There was one day after I’d spent a weekend looking at a lot of art by Richard Prince – the stuff with with cars and body panels – when suddenly there seemed to be Richard Prince works of art on every street corner.  This is surely one of the defining qualities of great art, that there are times the when whole world looks like it’s been created by the artist. 


Still, when I first arrived in LA, however committed I was to walking, it became obvious that I really couldn’t live here without a car.  I didn’t want a brand new car, and I didn’t want to deal with a used car salesman, so I developed a plan.  I would walk the streets of LA and the right car would present itself to me.   I’d be walking along and I’d see a car with a “for sale” sign in the window and that would be “my” car.  Which is why I ended up as the owner of a 1966 Dodge Dart that was parked in the street half a mile away from where I live.


In fact there was one car dealer’s lot that did vaguely attract me.  It was called B&M Auto, located right at the place where Sunset and Hollywood Boulevard’s converge.  It was a slightly scruffy, down at heel operation, but they always had some interesting cars for sale, say a Mustang resprayed an improbable yellow, a Jeep Wagoneer, or an E type Jag with a dent in every panel, that kind of thing. 


Of course I wouldn’t have felt completely confident buying an E Type Jag with a dent in every panel from a slightly scruffy, down at heel operation, and I suppose that’s why I didn’t.  But any time I walked around the area I always looked at what they had for sale and I’m not saying I thought it would B&M Auto always be there – there was always a provisional feel about the place - but even so it came as a blow to walk past the lot last weekend and find all the cars gone.  


The office was empty, there was a sign up in the window saying that B&M Auto was no more and that a new tenant had been found for the premises.  There was something deeply melancholy about the change, and the absence.

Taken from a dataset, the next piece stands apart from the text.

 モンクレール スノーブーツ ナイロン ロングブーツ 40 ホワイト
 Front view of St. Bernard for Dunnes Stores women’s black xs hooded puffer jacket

I don’t want to make too much of the “change and decay in all around I see” business, but I’ve now lived in LA long enough that quite a few things I liked have gone.  Many a soulful building or landmark has been demolished, this Bob’s Big  Boy and the very mid-century Cadillac dealership beyond on Wilshire, for instance.


Just a few weeks back they took away the giant hot dog that stood at the corner of Hollywood Boulevard and Western Avenue.  Well frankly that one always seemed doomed.  The surprising thing here was that it lasted so long.  I wonder if somebody bought it to preserve it.  For that matter I wonder if somebody’s going to buy the B&M Auto sign.


So, in a world of civic and architectural uncertainty the statue of Rock and Bullwinkle that stands at 8218 Sunset Boulevard seems a touchstone of stability and continuity.  It’s outside what used to be the Jay Ward headquarters and gift shop, now a dog grooming parlor.  The statue first appeared in 1961 – Jayne Mansfield was there at the unveiling – so it’s been standing over 50 years.  In Hollywood terms that makes it as historic and permanent as the statuary of ancient of Rome.


And you can say this for the custodians of Bullwinkle, they’re not letting him turn into a ruin.  Every now and again bits of him fall off, including his hand at one point apparently, but fortunately LA has the kind of skilled artisans you can call up and ask to come over and repair your Bullwinkle statue.  You try doing that in the Eternal City.